What the exercise asks: Take the records below and retype them line by line, from the first line through the one containing "ANDERSEN AIR FORCE"; stop there.

Short web captions:
Content starts
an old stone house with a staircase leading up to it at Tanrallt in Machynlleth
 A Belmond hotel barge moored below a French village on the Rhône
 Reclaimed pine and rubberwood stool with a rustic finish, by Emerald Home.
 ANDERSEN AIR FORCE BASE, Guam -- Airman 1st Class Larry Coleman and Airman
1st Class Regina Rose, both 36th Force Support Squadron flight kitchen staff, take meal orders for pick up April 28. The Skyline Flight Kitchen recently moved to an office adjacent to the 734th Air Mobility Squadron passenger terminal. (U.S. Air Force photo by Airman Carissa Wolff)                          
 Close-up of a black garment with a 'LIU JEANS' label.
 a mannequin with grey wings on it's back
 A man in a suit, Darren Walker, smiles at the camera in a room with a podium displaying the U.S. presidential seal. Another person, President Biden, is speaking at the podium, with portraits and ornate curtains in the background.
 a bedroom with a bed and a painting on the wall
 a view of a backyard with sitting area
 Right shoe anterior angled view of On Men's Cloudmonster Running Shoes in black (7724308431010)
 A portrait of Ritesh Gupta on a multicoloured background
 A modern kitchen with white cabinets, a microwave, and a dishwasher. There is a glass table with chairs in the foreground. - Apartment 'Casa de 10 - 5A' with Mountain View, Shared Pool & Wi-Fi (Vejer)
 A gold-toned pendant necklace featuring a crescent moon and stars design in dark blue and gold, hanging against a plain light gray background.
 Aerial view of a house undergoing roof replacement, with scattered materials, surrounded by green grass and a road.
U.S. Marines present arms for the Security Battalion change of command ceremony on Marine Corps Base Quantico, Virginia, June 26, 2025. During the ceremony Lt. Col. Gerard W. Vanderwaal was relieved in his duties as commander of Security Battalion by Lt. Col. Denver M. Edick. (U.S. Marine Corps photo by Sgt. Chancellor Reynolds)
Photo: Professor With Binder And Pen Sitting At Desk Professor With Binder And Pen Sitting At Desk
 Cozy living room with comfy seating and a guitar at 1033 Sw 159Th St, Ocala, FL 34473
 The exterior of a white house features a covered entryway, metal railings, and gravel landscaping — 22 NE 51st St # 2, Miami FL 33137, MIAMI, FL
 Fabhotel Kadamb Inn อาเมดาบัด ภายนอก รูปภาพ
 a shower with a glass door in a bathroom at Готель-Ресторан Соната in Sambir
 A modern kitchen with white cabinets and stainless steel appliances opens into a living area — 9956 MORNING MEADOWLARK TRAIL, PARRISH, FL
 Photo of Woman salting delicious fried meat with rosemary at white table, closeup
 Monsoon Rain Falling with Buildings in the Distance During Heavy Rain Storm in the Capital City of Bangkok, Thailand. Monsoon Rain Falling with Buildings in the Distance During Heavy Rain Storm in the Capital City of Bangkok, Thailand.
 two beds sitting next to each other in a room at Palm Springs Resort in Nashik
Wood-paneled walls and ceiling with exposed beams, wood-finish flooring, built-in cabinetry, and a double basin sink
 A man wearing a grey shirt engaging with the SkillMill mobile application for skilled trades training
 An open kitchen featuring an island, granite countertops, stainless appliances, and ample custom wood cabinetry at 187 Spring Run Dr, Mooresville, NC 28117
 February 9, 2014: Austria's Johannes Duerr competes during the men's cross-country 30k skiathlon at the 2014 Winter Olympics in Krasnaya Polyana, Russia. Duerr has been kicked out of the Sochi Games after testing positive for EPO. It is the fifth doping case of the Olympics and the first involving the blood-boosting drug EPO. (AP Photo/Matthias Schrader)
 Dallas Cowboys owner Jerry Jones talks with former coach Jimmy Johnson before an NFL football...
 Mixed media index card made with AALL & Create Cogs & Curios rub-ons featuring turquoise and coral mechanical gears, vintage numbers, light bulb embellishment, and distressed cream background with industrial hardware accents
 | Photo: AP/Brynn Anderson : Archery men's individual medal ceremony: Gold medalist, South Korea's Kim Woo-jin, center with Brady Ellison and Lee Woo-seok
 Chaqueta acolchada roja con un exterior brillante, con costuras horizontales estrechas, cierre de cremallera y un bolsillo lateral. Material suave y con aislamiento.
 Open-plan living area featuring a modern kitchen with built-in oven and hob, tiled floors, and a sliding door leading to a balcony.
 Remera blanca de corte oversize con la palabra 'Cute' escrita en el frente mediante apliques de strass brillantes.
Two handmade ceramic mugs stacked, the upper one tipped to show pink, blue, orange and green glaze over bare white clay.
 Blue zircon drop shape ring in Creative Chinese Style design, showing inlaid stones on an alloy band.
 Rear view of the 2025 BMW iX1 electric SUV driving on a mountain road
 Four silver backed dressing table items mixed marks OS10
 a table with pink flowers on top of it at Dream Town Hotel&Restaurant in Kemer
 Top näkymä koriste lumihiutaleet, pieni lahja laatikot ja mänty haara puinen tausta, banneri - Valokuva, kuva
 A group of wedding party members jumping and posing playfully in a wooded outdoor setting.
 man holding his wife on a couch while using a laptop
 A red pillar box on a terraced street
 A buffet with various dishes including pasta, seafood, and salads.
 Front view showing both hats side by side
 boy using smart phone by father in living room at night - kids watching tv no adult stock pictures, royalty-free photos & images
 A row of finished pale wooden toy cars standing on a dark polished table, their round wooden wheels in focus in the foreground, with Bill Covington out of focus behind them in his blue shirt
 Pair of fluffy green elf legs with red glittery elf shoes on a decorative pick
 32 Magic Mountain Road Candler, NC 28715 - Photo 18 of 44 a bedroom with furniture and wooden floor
Content ends
Answer section:
an old stone house with a staircase leading up to it at Tanrallt in Machynlleth
 A Belmond hotel barge moored below a French village on the Rhône
 Reclaimed pine and rubberwood stool with a rustic finish, by Emerald Home.
 ANDERSEN AIR FORCE BASE, Guam -- Airman 1st Class Larry Coleman and Airman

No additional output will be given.